Given data:
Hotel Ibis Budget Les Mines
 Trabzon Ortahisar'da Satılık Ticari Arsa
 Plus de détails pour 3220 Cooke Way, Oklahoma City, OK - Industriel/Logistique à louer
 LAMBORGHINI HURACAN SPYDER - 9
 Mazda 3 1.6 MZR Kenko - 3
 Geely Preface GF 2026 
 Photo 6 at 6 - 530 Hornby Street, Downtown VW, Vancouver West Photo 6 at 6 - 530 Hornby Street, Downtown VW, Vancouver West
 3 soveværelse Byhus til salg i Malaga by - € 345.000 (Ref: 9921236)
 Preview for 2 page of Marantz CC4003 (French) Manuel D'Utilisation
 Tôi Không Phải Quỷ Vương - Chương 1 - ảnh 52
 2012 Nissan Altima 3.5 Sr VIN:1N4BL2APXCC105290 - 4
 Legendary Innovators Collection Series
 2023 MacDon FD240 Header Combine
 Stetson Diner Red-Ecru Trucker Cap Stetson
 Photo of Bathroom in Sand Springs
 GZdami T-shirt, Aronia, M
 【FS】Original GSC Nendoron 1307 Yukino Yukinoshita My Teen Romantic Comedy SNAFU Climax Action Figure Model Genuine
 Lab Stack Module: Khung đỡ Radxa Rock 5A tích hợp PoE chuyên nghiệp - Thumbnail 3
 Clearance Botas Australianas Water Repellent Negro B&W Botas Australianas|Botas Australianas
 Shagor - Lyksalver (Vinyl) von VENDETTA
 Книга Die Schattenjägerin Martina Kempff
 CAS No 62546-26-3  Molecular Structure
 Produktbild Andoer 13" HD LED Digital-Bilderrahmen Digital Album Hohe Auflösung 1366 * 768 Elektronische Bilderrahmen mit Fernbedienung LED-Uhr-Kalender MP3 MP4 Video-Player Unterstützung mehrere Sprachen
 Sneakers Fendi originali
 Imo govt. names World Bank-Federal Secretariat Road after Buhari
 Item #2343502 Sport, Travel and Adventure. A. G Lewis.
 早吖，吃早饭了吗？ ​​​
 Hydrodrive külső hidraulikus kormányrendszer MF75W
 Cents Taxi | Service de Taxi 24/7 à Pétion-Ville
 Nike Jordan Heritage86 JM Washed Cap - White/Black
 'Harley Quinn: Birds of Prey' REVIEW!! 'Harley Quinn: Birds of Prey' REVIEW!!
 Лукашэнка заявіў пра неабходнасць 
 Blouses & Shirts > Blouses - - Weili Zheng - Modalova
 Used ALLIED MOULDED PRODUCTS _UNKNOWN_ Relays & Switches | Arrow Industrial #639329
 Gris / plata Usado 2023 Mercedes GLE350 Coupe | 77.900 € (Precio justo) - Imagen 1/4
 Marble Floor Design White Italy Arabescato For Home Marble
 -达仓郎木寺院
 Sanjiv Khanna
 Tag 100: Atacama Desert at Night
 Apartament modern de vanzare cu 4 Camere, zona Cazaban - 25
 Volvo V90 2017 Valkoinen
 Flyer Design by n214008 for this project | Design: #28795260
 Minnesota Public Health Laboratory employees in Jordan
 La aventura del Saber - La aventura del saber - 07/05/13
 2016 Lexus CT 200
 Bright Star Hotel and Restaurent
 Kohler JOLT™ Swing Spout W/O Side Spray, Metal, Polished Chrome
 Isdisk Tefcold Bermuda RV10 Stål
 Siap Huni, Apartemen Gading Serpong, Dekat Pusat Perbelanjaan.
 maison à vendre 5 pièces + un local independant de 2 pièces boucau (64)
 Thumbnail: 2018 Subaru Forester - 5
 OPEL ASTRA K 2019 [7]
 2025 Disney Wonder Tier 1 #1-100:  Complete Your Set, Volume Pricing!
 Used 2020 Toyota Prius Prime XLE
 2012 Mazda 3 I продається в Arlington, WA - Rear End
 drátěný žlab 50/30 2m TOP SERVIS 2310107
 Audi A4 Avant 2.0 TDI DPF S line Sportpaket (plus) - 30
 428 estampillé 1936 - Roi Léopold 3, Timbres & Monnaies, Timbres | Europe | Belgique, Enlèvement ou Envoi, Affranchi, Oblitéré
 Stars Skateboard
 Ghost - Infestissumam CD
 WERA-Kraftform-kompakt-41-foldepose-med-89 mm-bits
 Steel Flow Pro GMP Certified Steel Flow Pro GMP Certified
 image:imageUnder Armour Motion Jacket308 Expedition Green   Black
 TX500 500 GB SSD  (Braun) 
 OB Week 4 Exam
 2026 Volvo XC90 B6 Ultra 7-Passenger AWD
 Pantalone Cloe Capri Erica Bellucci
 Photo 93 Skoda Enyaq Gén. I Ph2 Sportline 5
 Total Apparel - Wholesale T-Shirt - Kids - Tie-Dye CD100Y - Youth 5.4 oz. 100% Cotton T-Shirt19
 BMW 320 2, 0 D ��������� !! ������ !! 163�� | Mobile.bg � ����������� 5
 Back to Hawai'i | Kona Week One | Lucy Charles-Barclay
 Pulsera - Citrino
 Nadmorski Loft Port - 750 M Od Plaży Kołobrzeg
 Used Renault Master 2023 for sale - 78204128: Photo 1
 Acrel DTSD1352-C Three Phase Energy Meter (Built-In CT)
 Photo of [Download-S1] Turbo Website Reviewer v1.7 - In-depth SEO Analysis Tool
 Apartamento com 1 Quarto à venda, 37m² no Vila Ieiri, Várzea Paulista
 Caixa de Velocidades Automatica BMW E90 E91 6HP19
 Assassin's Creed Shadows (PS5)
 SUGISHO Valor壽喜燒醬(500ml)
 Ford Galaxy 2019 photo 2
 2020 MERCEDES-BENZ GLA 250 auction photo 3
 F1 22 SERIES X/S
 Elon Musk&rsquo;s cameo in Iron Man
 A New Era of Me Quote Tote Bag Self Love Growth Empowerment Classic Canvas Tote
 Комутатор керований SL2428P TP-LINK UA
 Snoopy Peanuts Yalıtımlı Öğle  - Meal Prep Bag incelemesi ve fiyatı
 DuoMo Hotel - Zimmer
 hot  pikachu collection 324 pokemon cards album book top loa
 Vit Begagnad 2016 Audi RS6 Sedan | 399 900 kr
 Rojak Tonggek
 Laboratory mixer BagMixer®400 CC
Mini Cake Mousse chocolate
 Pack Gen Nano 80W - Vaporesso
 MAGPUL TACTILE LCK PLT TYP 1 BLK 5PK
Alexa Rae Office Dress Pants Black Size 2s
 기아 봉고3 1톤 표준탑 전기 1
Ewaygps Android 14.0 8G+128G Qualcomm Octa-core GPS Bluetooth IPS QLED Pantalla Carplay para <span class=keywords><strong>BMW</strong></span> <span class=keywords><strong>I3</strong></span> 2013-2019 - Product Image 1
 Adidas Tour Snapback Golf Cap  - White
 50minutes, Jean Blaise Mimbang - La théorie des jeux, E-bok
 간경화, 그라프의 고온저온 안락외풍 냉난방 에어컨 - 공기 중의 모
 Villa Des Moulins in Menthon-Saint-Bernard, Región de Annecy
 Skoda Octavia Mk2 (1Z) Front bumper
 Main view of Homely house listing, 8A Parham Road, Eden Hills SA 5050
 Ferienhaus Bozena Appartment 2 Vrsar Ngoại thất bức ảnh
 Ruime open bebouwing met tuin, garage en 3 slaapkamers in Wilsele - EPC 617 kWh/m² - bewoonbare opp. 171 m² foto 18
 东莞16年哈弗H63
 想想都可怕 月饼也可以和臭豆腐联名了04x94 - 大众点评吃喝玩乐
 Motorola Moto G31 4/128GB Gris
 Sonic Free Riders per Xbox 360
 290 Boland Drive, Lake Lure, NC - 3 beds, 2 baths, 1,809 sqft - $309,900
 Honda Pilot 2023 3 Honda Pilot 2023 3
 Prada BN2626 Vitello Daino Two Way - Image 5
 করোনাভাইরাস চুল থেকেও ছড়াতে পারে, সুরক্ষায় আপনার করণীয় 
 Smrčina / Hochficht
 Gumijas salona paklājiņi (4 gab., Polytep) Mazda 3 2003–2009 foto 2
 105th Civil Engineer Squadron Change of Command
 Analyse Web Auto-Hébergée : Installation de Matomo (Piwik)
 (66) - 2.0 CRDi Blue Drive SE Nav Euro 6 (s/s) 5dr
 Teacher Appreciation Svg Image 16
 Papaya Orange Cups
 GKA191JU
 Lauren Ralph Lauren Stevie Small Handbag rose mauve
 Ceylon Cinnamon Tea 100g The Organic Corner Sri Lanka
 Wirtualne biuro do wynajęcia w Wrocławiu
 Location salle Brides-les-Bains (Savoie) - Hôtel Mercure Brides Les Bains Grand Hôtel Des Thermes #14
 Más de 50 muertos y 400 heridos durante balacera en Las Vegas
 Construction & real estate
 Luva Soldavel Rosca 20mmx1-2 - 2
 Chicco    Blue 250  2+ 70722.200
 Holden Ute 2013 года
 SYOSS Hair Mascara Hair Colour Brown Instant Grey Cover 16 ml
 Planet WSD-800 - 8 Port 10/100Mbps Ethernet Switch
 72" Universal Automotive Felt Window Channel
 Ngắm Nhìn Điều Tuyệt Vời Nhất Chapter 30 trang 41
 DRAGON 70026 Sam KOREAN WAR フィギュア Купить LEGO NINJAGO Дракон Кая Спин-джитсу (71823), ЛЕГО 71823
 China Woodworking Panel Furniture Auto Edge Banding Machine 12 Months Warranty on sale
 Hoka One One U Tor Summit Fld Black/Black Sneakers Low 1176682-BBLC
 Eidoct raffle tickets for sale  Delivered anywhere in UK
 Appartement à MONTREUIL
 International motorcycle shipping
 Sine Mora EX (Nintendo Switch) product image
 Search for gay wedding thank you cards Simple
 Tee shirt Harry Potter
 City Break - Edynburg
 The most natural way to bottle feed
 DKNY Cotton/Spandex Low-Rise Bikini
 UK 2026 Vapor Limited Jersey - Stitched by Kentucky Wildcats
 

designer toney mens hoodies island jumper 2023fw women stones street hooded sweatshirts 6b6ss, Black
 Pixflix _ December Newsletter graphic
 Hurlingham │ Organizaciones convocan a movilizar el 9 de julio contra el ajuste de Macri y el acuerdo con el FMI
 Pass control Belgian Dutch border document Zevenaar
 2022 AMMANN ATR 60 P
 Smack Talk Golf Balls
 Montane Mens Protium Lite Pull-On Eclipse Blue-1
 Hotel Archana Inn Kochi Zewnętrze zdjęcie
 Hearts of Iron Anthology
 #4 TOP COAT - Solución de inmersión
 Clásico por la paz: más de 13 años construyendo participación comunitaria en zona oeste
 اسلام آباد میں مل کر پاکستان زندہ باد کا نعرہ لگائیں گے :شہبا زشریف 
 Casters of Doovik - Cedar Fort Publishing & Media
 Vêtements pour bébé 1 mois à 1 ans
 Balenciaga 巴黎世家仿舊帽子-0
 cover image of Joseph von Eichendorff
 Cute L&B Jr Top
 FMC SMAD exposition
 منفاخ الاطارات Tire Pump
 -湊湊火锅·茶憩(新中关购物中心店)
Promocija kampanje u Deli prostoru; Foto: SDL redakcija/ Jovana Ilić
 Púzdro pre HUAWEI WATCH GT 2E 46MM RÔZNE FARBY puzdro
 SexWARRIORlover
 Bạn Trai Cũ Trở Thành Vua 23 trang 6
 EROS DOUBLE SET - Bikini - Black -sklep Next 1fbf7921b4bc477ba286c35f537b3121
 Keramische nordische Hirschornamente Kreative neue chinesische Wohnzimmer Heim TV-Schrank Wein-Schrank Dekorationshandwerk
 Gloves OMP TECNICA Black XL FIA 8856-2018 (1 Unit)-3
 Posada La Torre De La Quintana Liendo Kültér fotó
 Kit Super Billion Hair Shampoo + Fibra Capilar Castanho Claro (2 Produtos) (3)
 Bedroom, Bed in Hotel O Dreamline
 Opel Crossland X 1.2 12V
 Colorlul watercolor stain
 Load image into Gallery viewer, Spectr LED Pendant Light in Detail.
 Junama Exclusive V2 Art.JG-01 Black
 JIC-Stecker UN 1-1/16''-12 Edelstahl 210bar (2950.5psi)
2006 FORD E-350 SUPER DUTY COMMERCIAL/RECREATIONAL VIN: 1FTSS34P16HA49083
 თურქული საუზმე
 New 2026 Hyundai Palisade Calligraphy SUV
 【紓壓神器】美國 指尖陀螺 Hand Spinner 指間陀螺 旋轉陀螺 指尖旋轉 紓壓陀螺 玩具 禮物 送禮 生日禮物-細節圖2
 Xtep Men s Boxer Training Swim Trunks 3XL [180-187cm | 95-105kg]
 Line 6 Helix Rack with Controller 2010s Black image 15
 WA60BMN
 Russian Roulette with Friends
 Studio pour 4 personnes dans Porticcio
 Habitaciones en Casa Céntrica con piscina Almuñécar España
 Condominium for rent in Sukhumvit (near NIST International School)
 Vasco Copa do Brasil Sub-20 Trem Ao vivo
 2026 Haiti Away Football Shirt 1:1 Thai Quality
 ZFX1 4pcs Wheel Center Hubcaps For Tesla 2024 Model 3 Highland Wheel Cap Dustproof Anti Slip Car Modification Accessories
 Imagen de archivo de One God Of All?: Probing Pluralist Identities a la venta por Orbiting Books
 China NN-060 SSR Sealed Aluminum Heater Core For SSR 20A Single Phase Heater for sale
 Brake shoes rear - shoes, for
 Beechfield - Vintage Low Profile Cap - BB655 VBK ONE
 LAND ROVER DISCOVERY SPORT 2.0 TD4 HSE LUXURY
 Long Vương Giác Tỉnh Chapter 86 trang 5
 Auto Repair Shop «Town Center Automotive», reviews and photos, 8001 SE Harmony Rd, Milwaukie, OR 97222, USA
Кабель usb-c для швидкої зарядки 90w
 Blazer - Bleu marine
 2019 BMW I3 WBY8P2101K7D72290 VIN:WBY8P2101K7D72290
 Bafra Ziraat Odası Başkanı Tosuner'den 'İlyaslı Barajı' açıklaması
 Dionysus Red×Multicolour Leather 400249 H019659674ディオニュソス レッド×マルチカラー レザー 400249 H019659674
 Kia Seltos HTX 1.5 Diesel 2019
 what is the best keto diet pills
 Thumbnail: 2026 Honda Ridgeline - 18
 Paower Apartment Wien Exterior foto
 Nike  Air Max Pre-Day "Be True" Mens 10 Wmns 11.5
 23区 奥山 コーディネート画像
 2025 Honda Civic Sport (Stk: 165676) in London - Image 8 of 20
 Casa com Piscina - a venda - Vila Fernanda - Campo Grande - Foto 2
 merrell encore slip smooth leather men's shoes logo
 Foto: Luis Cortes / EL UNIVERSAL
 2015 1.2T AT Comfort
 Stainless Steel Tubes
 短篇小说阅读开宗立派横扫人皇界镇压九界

Aim of the exercise:
Look back at the entries above and repeat, unchanged, every line from the line holding "Snoopy Peanuts Yalıtımlı" through the line holding "Skoda Octavia Mk2 (1Z) Front bumper".

Your response:
 Snoopy Peanuts Yalıtımlı Öğle  - Meal Prep Bag incelemesi ve fiyatı
 DuoMo Hotel - Zimmer
 hot  pikachu collection 324 pokemon cards album book top loa
 Vit Begagnad 2016 Audi RS6 Sedan | 399 900 kr
 Rojak Tonggek
 Laboratory mixer BagMixer®400 CC
Mini Cake Mousse chocolate
 Pack Gen Nano 80W - Vaporesso
 MAGPUL TACTILE LCK PLT TYP 1 BLK 5PK
Alexa Rae Office Dress Pants Black Size 2s
 기아 봉고3 1톤 표준탑 전기 1
Ewaygps Android 14.0 8G+128G Qualcomm Octa-core GPS Bluetooth IPS QLED Pantalla Carplay para <span class=keywords><strong>BMW</strong></span> <span class=keywords><strong>I3</strong></span> 2013-2019 - Product Image 1
 Adidas Tour Snapback Golf Cap  - White
 50minutes, Jean Blaise Mimbang - La théorie des jeux, E-bok
 간경화, 그라프의 고온저온 안락외풍 냉난방 에어컨 - 공기 중의 모
 Villa Des Moulins in Menthon-Saint-Bernard, Región de Annecy
 Skoda Octavia Mk2 (1Z) Front bumper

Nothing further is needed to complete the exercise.